WORK REQUEST:
The expected copy holds every entry exactly and none of the pictures.

[Short text fragments from websites]
= Beginning of Section =
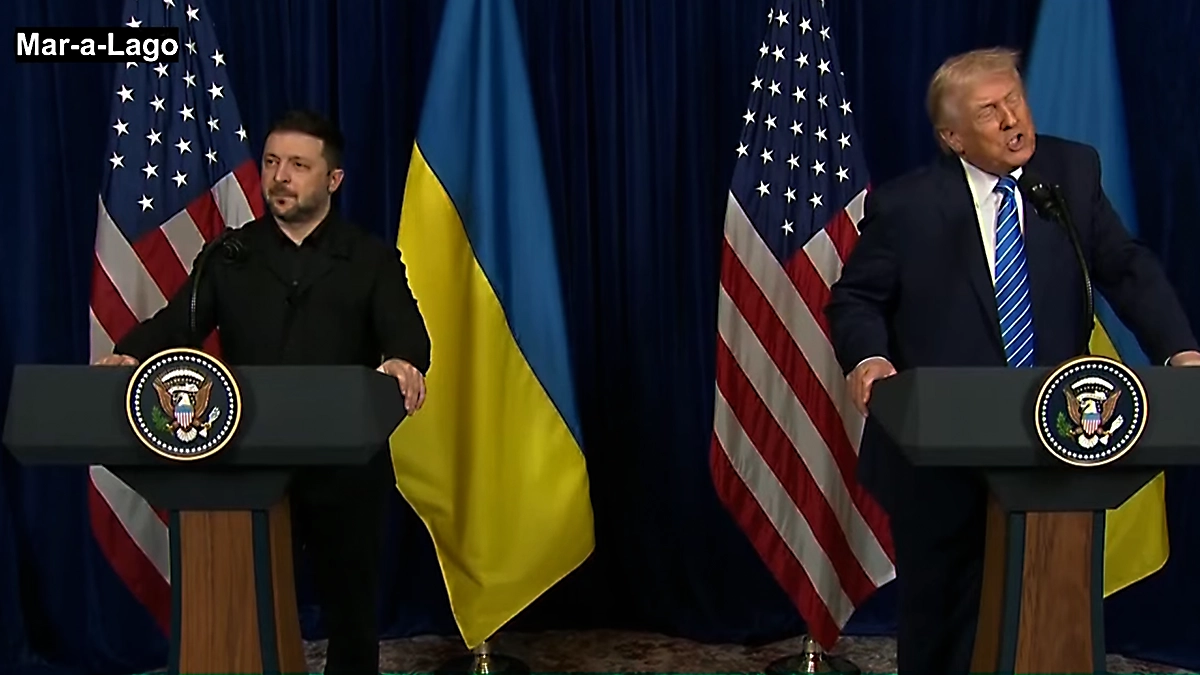 Panamá en Directo | “Reunión Trump–Zelensky avanza, pero deja pendientes claves sobre territorio y seguridad”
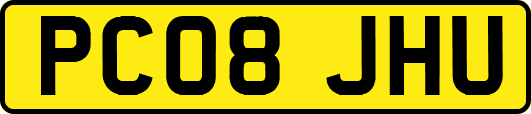 PC08JHU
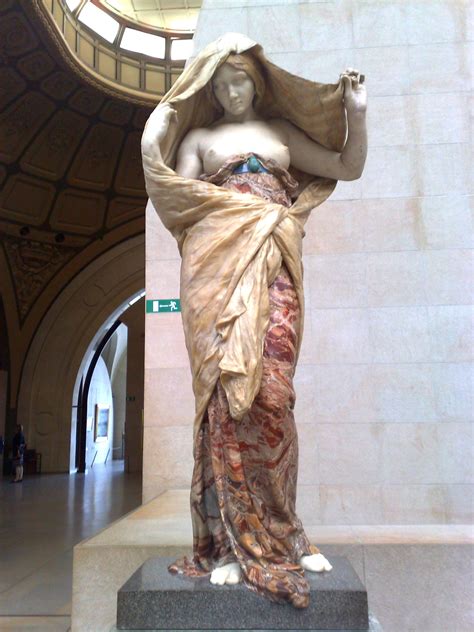 Parigi Le Musée D Orsay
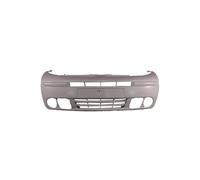Pare-choc avant à peindre avec trous anti-brouillards 2.5TD Renault Trafic 2 phase 1 2001-2006 - 8200201466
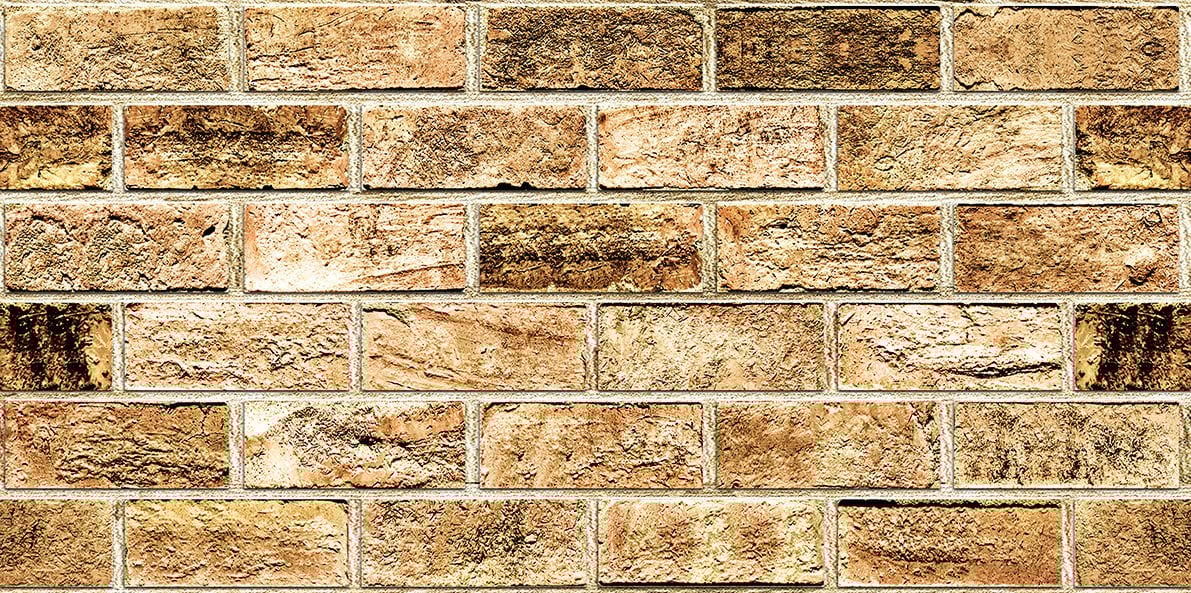 Tuğla Taş Model Alin- 100x50x2cm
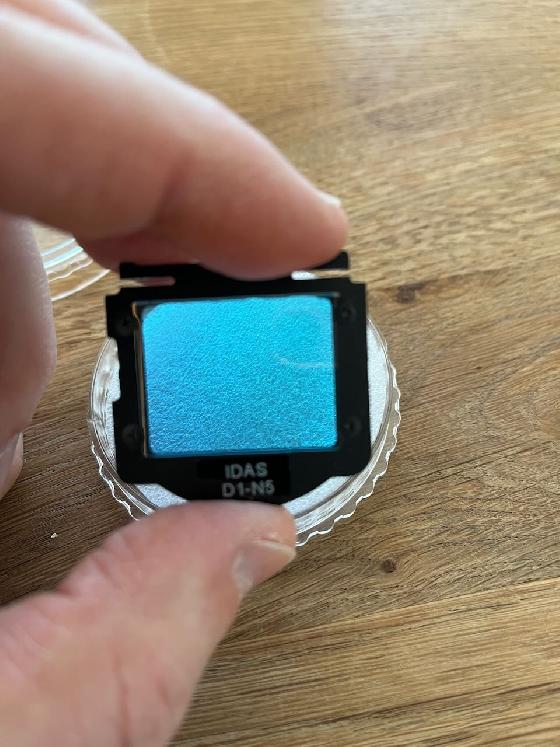 IDAS LPS pour Nikon DX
= End of Section =
EXERCISE ANSWER:
 Panamá en Directo | “Reunión Trump–Zelensky avanza, pero deja pendientes claves sobre territorio y seguridad”
 PC08JHU
 Parigi Le Musée D Orsay
Pare-choc avant à peindre avec trous anti-brouillards 2.5TD Renault Trafic 2 phase 1 2001-2006 - 8200201466
 Tuğla Taş Model Alin- 100x50x2cm
 IDAS LPS pour Nikon DX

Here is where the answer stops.